If the detail level is set to fastest, the following statistics are calculated:
• Min: calculated for fields of type int, long, float, or double
• Max: calculated for fields of type int, long, float, or double
• Mean: calculated for fields of type int, long, float, or double
• Stddev: calculated for fields of type int, long, float, or double
• Variance: calculated for fields of type int, long, float, or double
• Sum: calculated for fields of type int, long, float, or double
• Missing Frequency: Calculated for all fields
• Correlation: calculated for fields of type int, long, float, or double
• Covariance: calculated for fields of type int, long, float, or double
If the detail level is set to most detail, the following additional statistics are calculated:
• Intervals: calculated for fields of type int, long, float, or double
• Most Frequest Values: Calculated for all fields
• Percentiles: calculated for fields of type int, long, float, or double
• Median: calculated for fields of type int, long, float, or double
• IQR: calculated for fields of type int, long, float, or double
Dialog Options
detail level
Sets the detail level with which statistics are calculated. Setting to fastest provides those statistics that can be calculated in a single pass over the data. Setting to most detail is slower but provides more statistics.
number of intervals to calculate
Specifies the number of intervals to calcluate for each numeric field. This setting is ignored if detail level is set to fastest.
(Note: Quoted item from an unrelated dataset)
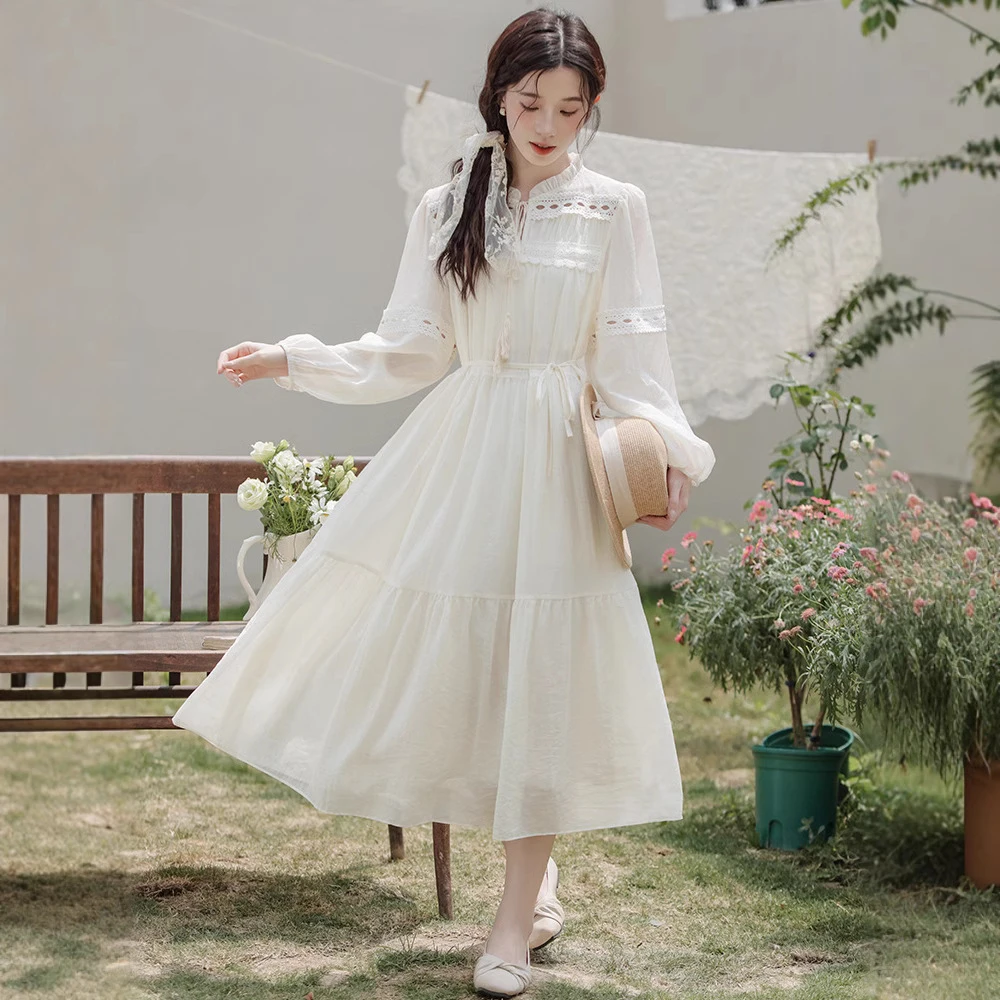 女装裙子2025法式夏新爆款民族风收腰波西米亚长袖连衣裙甜美日常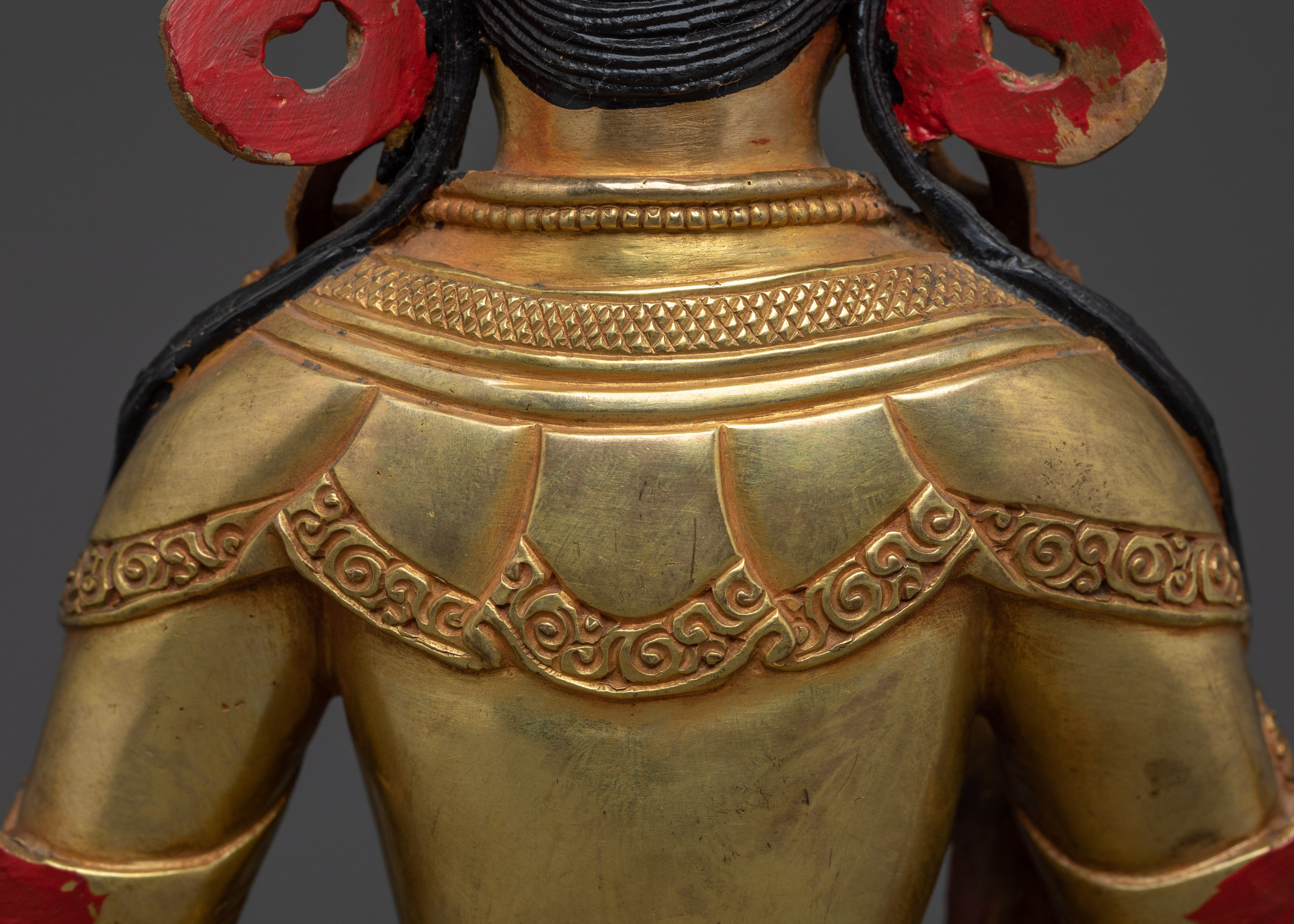 Handcrafted 24K Gold Gilded Vajrasattva Buddhist Sculpture | Sacred Purification Deity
number of quantiles to calculate
Specifies the number of quantiles to calculate for each numeric field. This setting is ignored if detail level is set to fastest.
number of frequent items to calculate
Provides a cap on the number of most frequent values to calculate. This setting is ignored if detail level is set to fastest.
expect a small number of distinct values
Should be set to true if the number of distinct values per column is expected to generally be small.
Ports
Input Ports
0 - Input data
Output Ports
0 - Summary statistics model
Views
Reports
Result reports
Data Summarizer Viewer
KNIME This topic describes a KNIME node. For the DataFlow operator it is based on, see
Calculating Data Statistics.
Data Summarizer Viewer provides views for the PMML model produced by the Data Summarizer.
Ports
Input Ports
0 - Summary statistics model
Views
Reports
Result reports
Distinct Values
KNIME This topic describes a KNIME node. For the DataFlow operator it is based on, see
Using the DistinctValues Operator to Find Distinct Values.
Distinct values computes all distinct values and their counts for a given column.
Ports
Input Ports
0 - Input data
Output Ports
0 - Distinct values and counts